> Problem to work on
Exact copies of the lines below, from the one with "Acacia Dining table" up to and including the one with "Main2525 — Photo 32", are what this calls for; leave out pictures.

> Data supplied
——

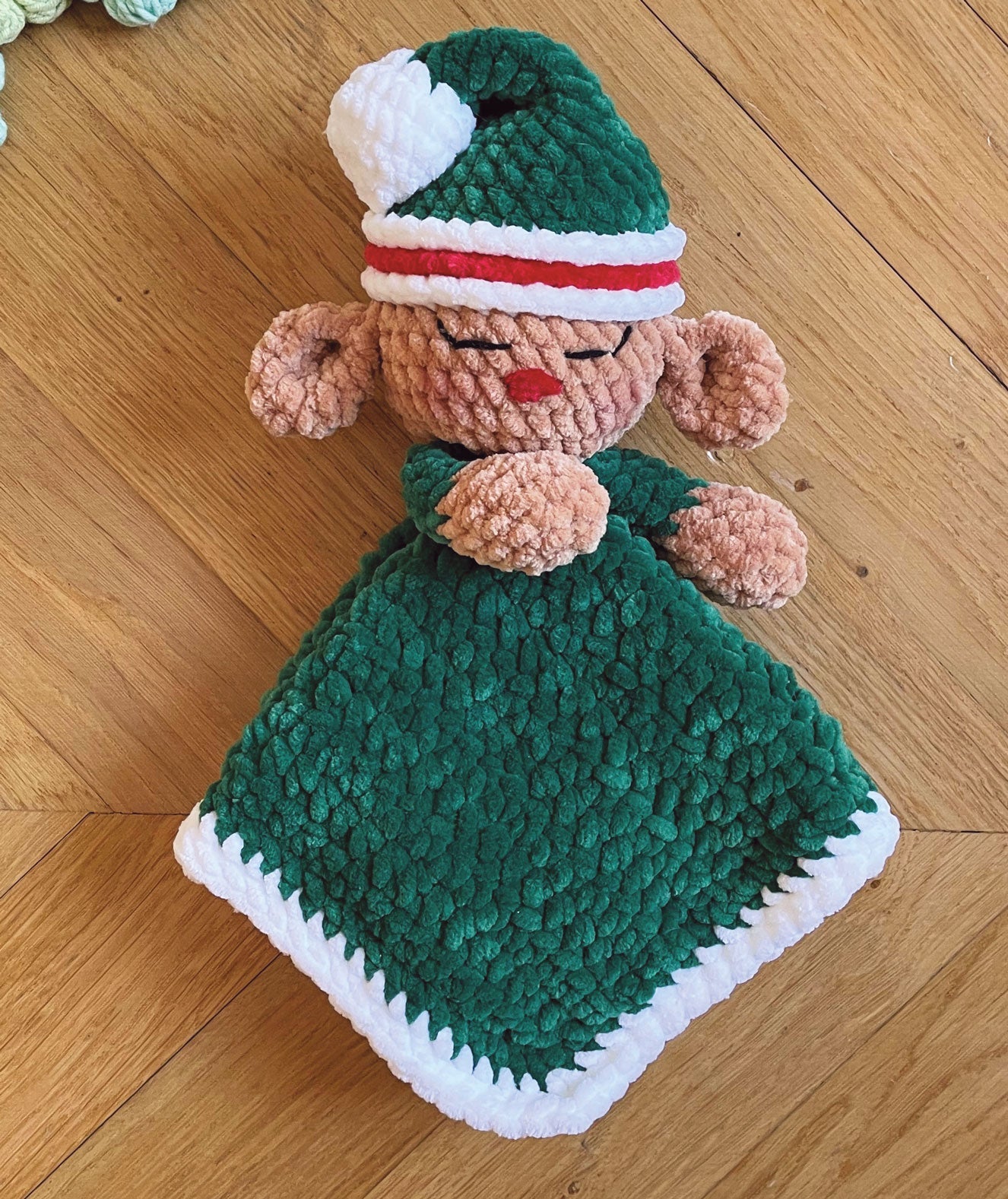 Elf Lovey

——

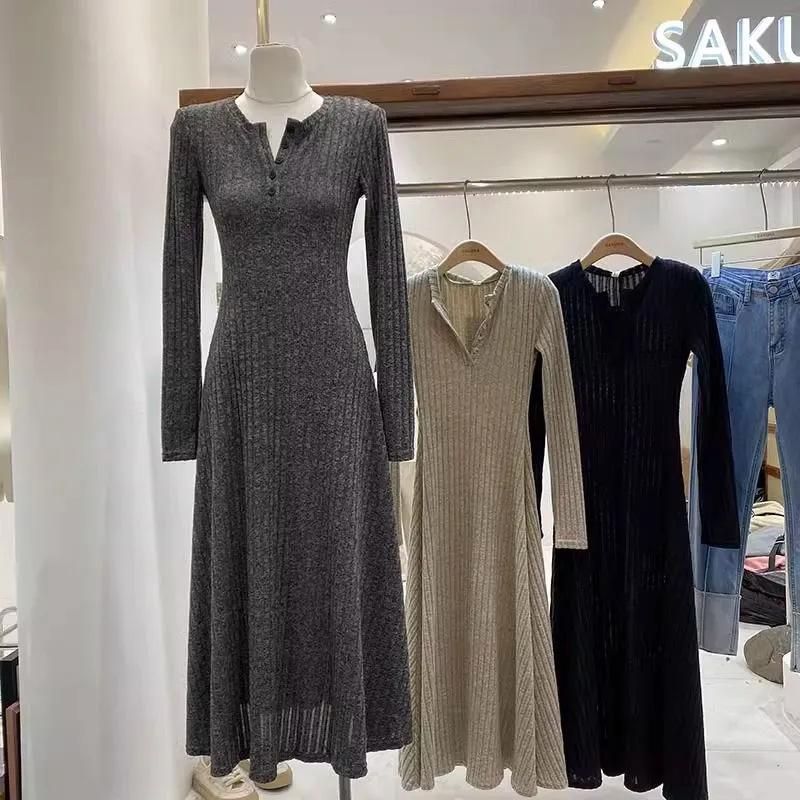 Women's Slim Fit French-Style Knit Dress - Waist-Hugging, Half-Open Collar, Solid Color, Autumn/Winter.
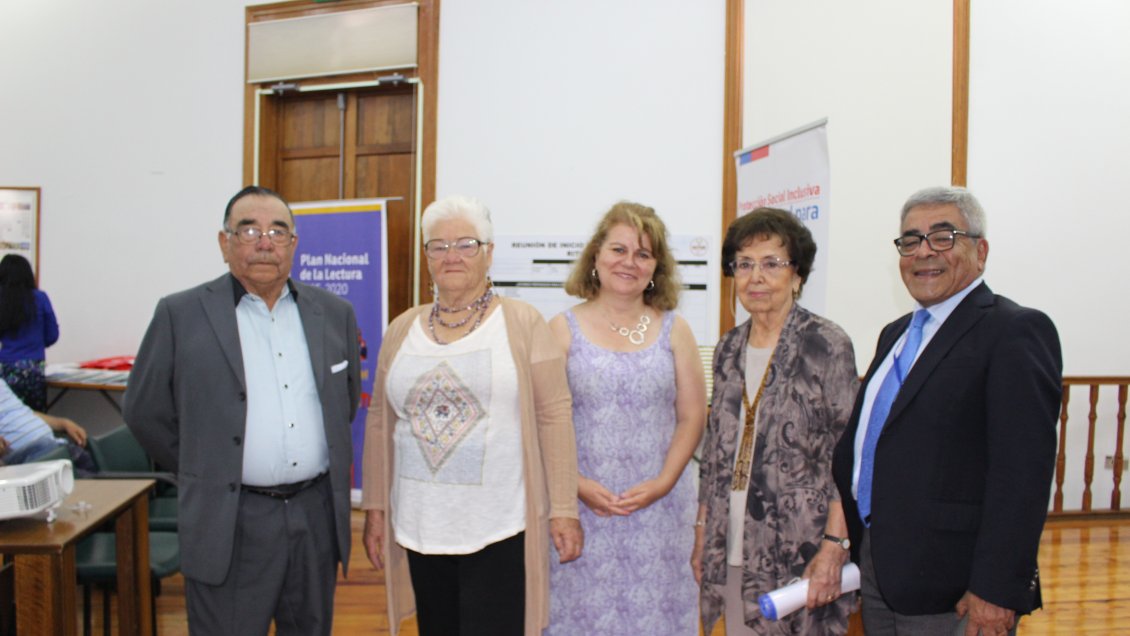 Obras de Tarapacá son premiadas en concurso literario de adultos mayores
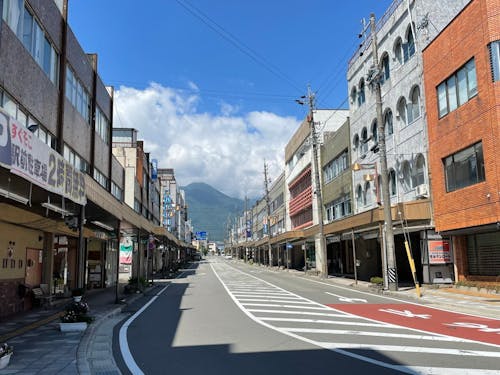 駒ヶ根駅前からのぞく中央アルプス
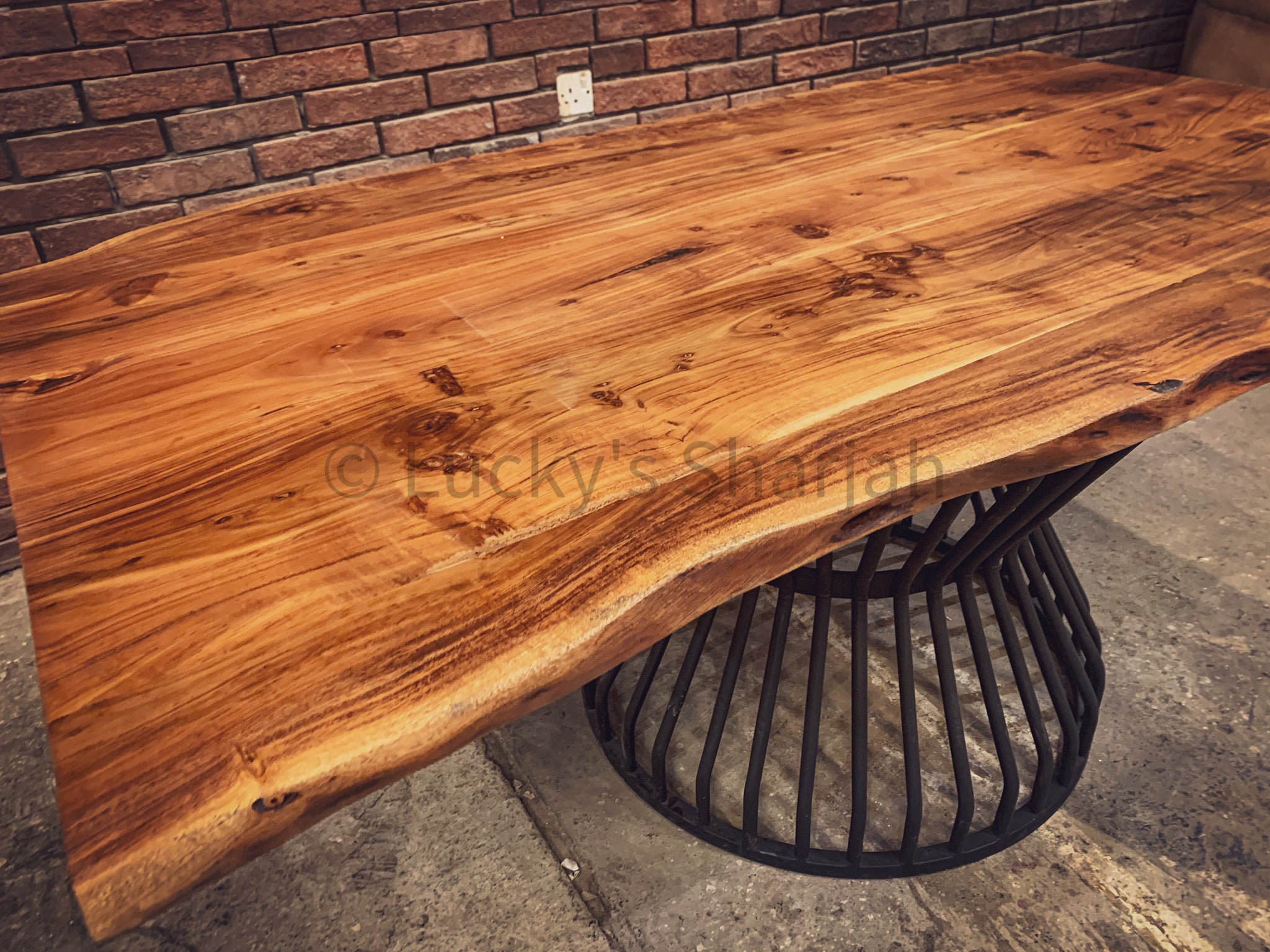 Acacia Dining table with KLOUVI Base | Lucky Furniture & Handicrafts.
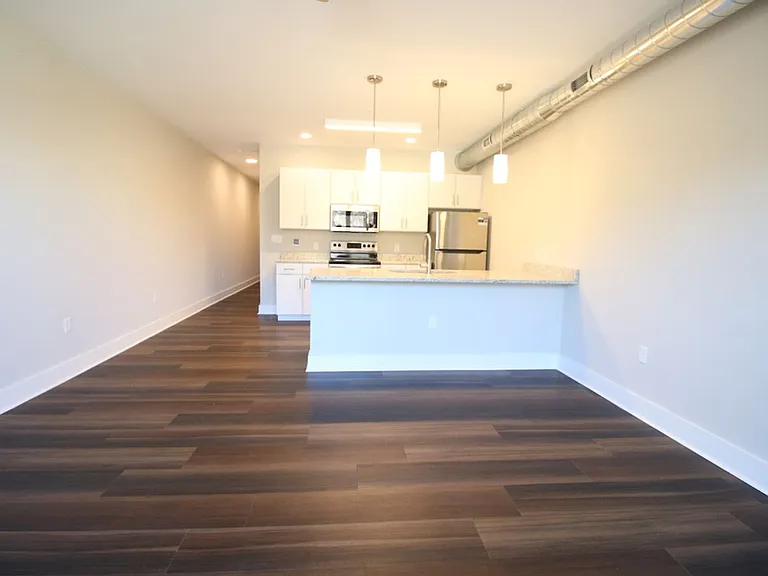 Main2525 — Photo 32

——

> Task response
 Acacia Dining table with KLOUVI Base | Lucky Furniture & Handicrafts.
 Main2525 — Photo 32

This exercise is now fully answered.